#### Data supplied ####
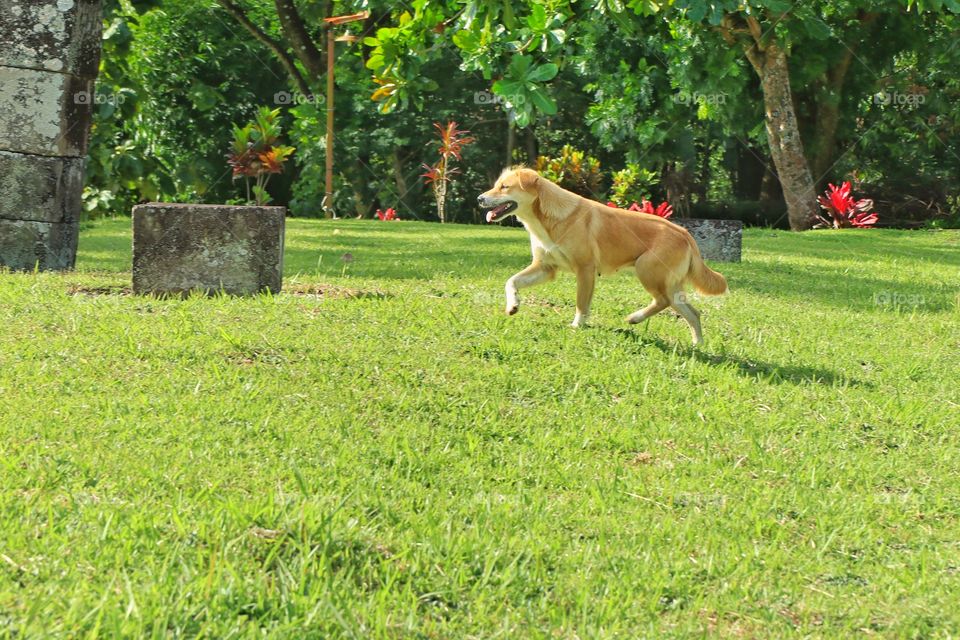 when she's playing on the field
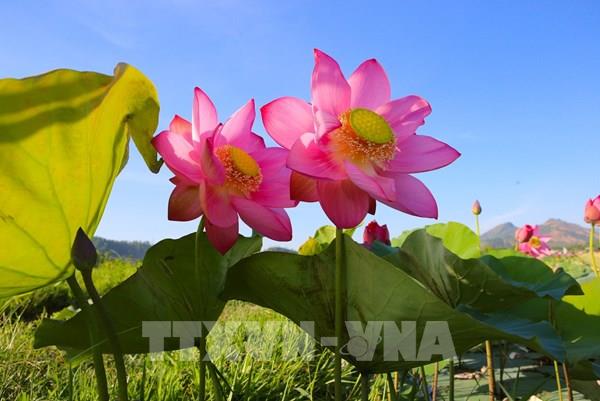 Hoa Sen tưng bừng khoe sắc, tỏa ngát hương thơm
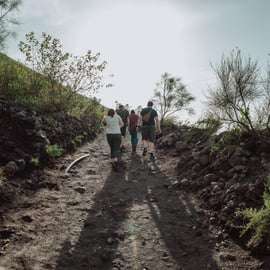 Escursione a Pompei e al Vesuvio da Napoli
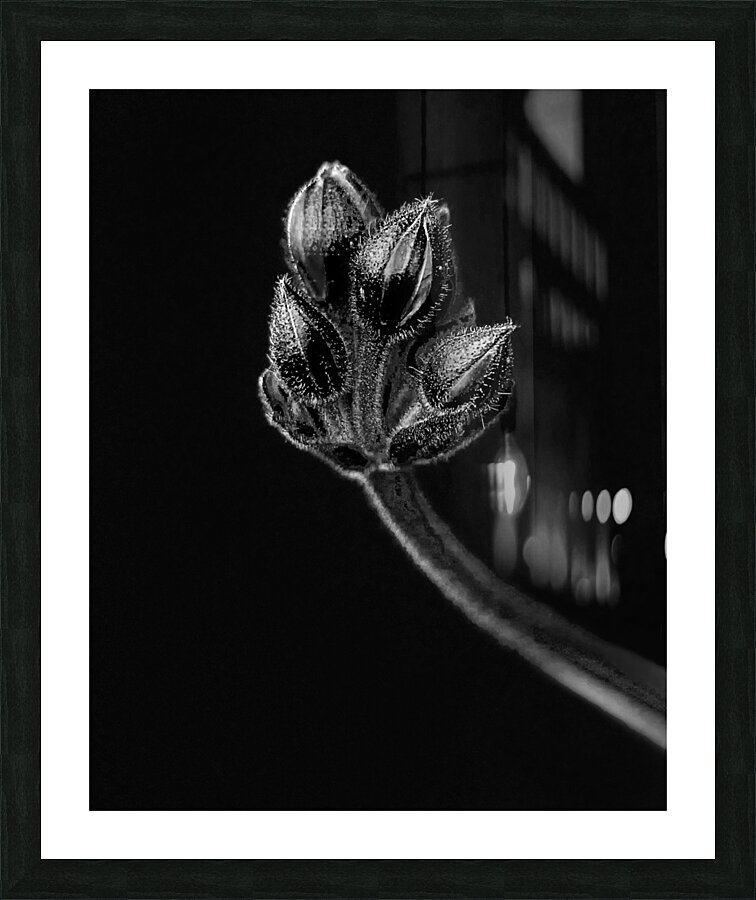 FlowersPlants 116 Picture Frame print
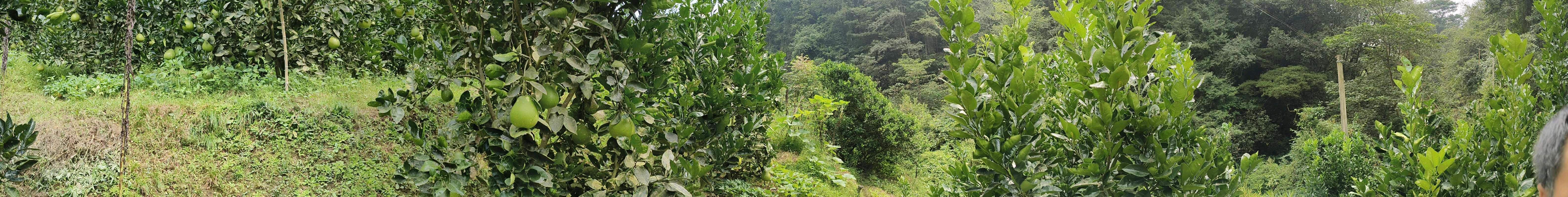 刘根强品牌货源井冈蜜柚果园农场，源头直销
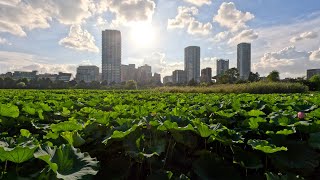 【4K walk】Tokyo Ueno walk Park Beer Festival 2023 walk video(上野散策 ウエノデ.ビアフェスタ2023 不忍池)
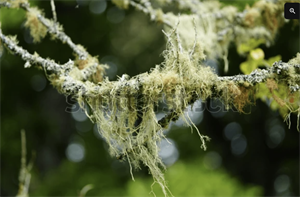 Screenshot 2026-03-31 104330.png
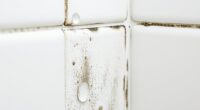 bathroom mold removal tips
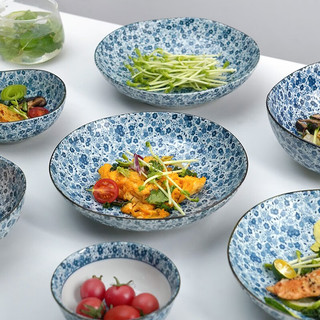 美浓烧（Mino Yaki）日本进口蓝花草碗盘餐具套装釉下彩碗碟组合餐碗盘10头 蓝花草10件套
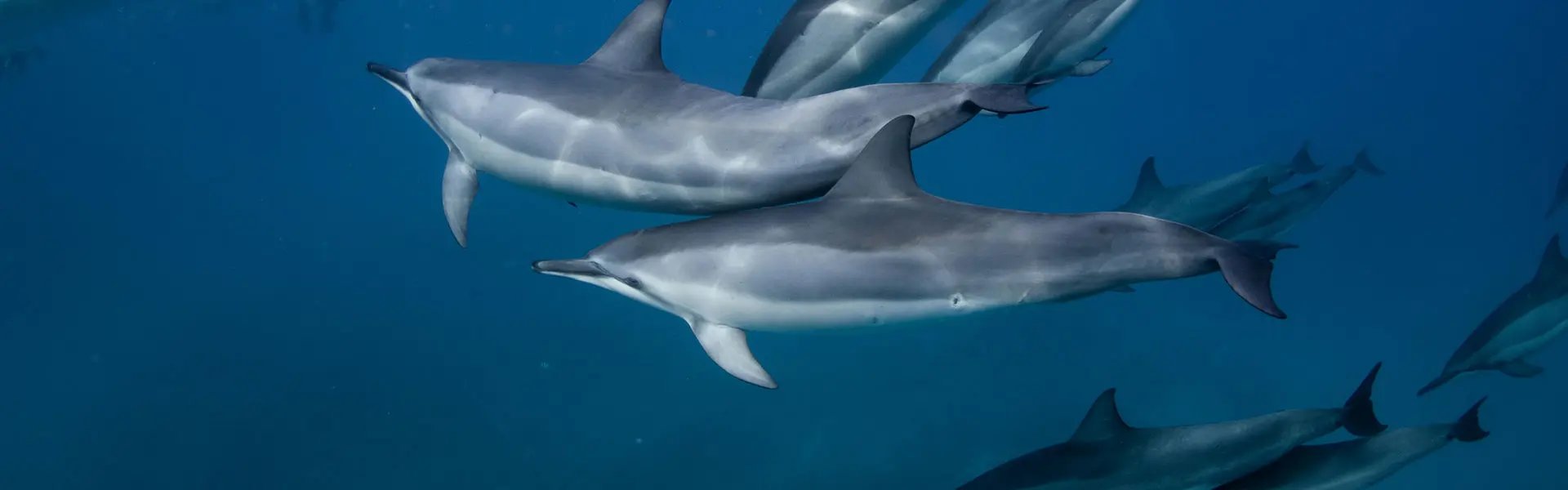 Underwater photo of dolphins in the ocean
####
#### Data supplied ####
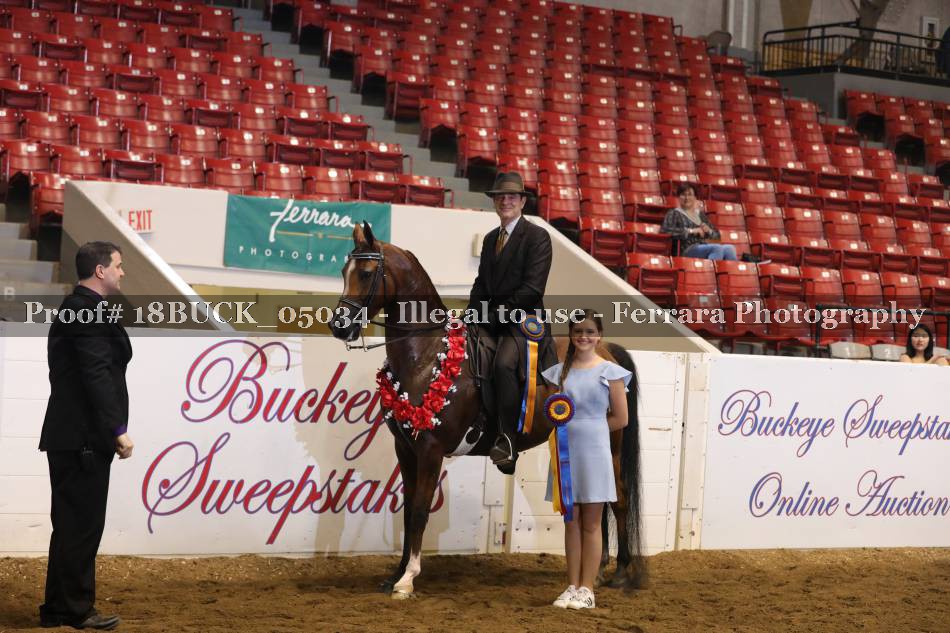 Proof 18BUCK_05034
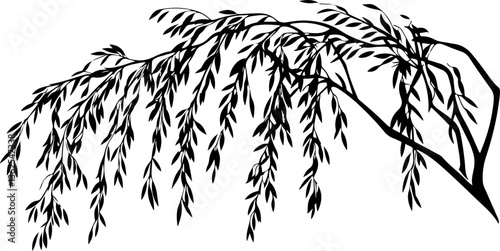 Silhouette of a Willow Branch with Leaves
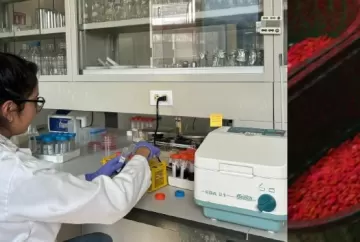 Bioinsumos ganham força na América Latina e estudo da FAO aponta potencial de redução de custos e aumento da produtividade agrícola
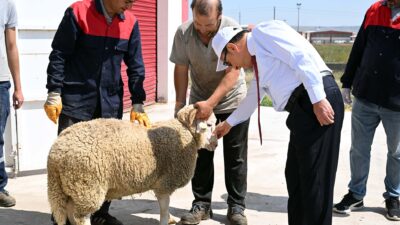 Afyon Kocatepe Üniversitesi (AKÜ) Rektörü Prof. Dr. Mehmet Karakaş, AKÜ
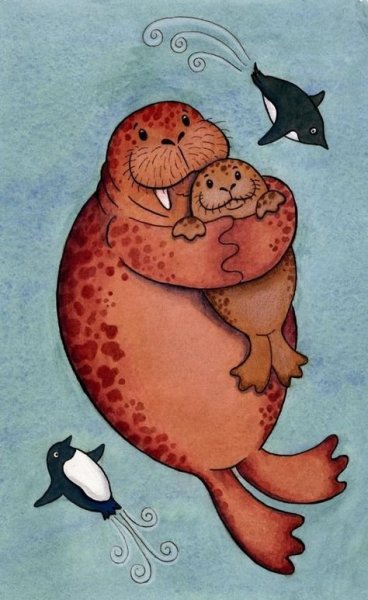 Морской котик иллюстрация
####
▶ [Required action] Would you output the lines above from the line holding "Proof 18BUCK_05034" up to and including the line holding "Морской котик иллюстрация", exactly and only those, with no pictures?

▶ [Result of this exercise]
 Proof 18BUCK_05034
 Silhouette of a Willow Branch with Leaves
 Bioinsumos ganham força na América Latina e estudo da FAO aponta potencial de redução de custos e aumento da produtividade agrícola
 Afyon Kocatepe Üniversitesi (AKÜ) Rektörü Prof. Dr. Mehmet Karakaş, AKÜ
 Морской котик иллюстрация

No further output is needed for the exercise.